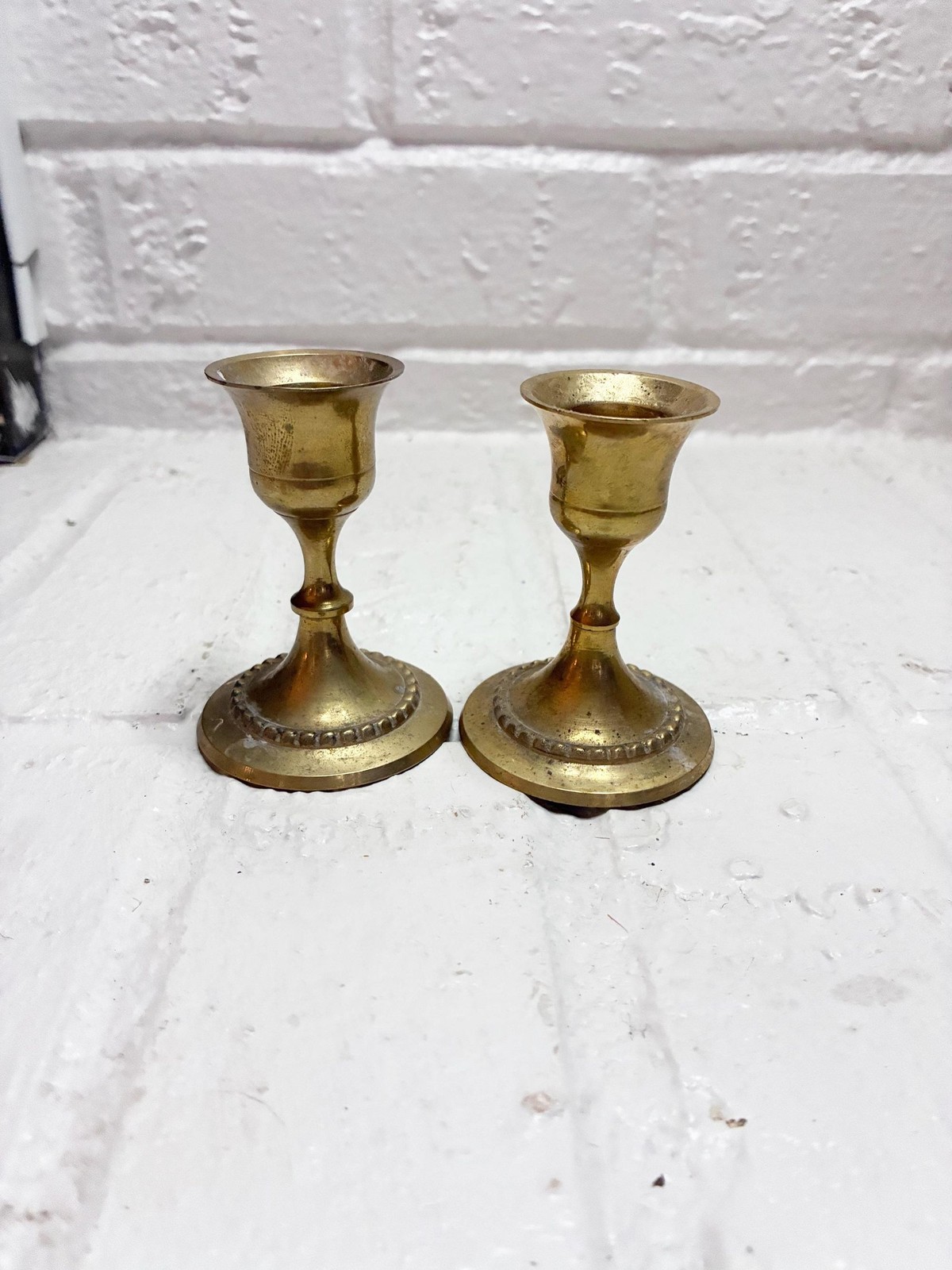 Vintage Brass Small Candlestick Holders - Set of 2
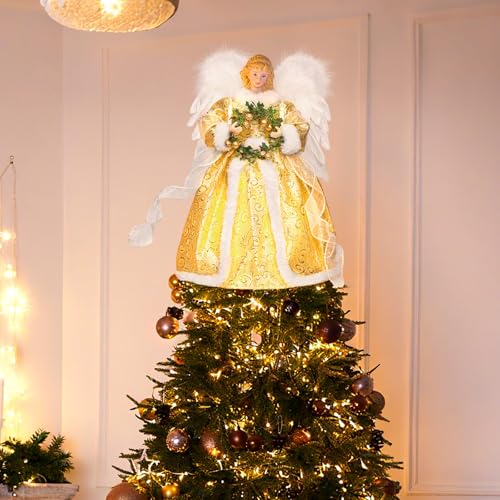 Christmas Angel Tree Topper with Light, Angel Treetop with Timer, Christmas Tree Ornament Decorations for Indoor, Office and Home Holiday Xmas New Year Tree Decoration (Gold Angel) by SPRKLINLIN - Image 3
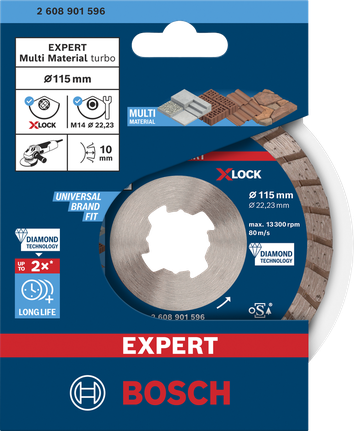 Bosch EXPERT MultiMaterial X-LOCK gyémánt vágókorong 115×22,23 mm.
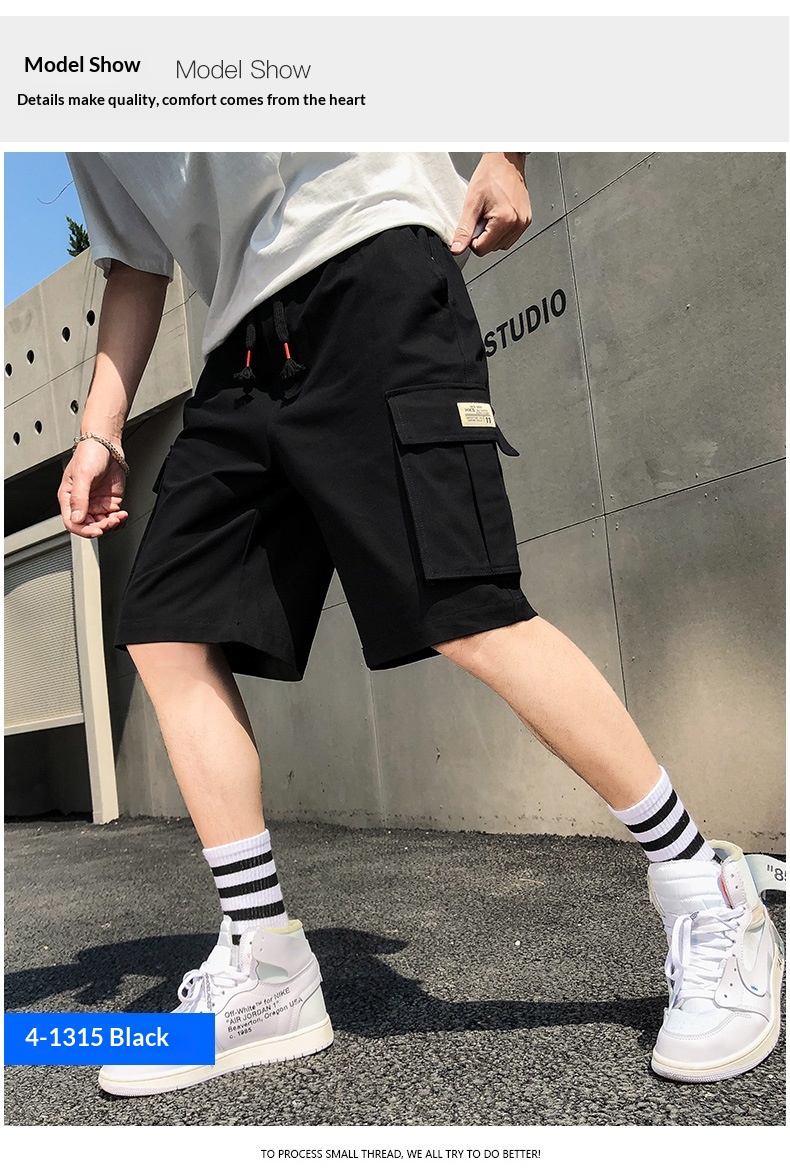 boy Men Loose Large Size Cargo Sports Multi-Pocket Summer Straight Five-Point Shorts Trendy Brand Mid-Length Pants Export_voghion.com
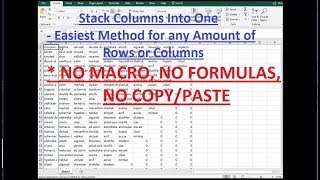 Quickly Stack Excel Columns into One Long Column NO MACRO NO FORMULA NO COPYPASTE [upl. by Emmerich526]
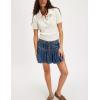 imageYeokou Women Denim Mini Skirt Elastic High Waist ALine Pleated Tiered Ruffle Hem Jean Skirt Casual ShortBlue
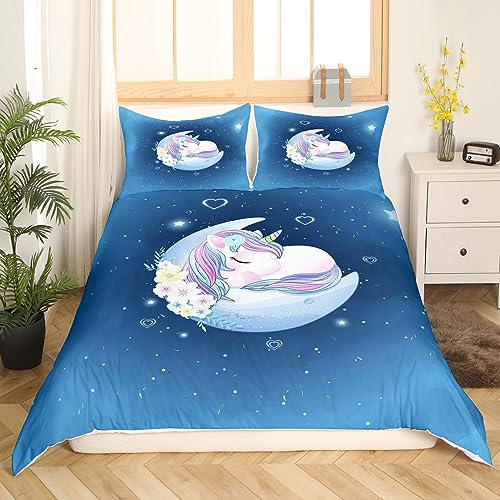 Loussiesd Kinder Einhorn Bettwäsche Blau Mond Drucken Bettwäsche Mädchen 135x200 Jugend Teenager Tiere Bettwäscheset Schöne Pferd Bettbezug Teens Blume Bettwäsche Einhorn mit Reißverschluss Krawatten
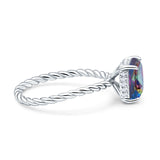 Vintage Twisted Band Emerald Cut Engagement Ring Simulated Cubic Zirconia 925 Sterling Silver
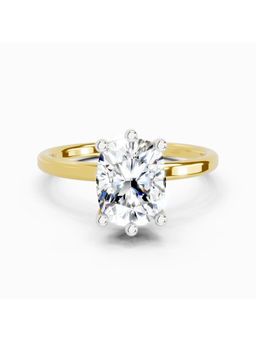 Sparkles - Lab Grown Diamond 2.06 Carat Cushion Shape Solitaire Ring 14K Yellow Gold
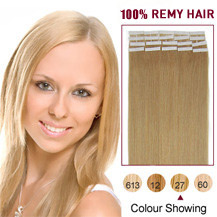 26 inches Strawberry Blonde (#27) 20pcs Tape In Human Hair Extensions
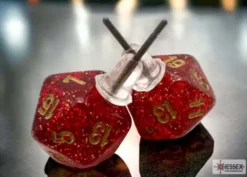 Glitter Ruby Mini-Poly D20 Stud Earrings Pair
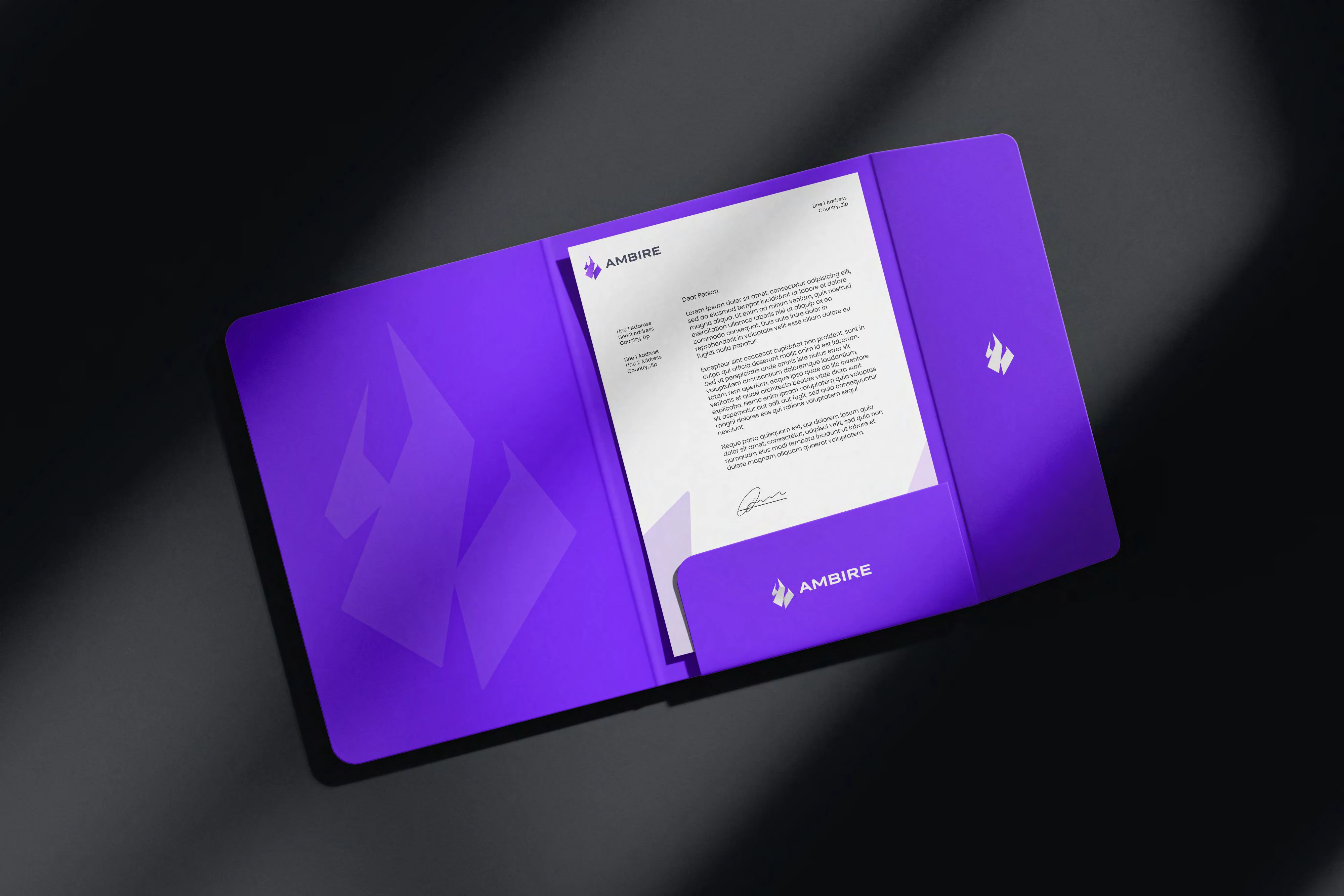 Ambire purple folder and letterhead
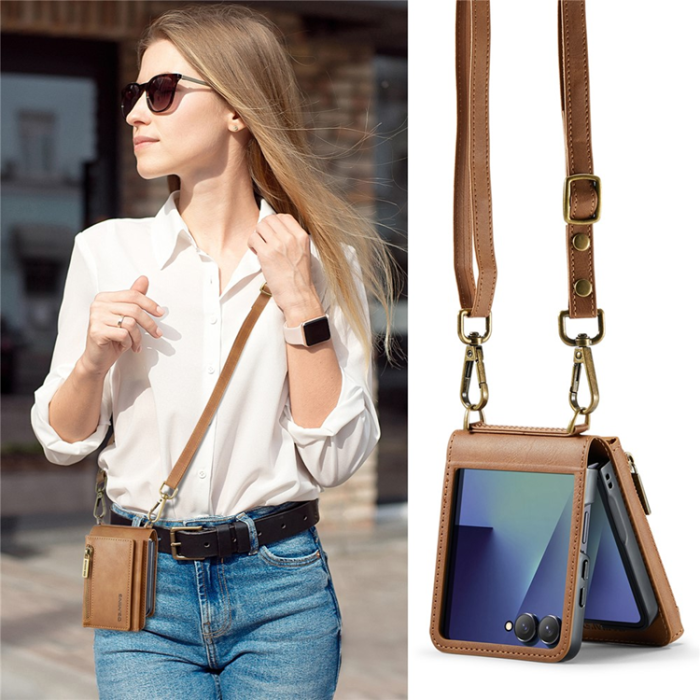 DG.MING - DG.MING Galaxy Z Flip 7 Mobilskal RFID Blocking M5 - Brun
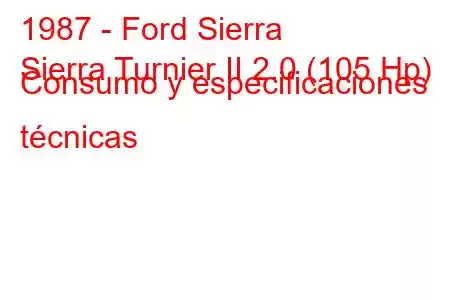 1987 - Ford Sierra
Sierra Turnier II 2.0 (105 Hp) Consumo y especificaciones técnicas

» WORK REQUIRED
Once the line containing "imageYeokou Women Denim" is found, write out exactly that line and each line after it through the end of the entries, omitting pictures.

» RESPONSE TO THIS EXERCISE
 imageYeokou Women Denim Mini Skirt Elastic High Waist ALine Pleated Tiered Ruffle Hem Jean Skirt Casual ShortBlue
 Loussiesd Kinder Einhorn Bettwäsche Blau Mond Drucken Bettwäsche Mädchen 135x200 Jugend Teenager Tiere Bettwäscheset Schöne Pferd Bettbezug Teens Blume Bettwäsche Einhorn mit Reißverschluss Krawatten
 Vintage Twisted Band Emerald Cut Engagement Ring Simulated Cubic Zirconia 925 Sterling Silver
 Sparkles - Lab Grown Diamond 2.06 Carat Cushion Shape Solitaire Ring 14K Yellow Gold
 26 inches Strawberry Blonde (#27) 20pcs Tape In Human Hair Extensions
 Glitter Ruby Mini-Poly D20 Stud Earrings Pair
 Ambire purple folder and letterhead
 DG.MING - DG.MING Galaxy Z Flip 7 Mobilskal RFID Blocking M5 - Brun
 1987 - Ford Sierra
Sierra Turnier II 2.0 (105 Hp) Consumo y especificaciones técnicas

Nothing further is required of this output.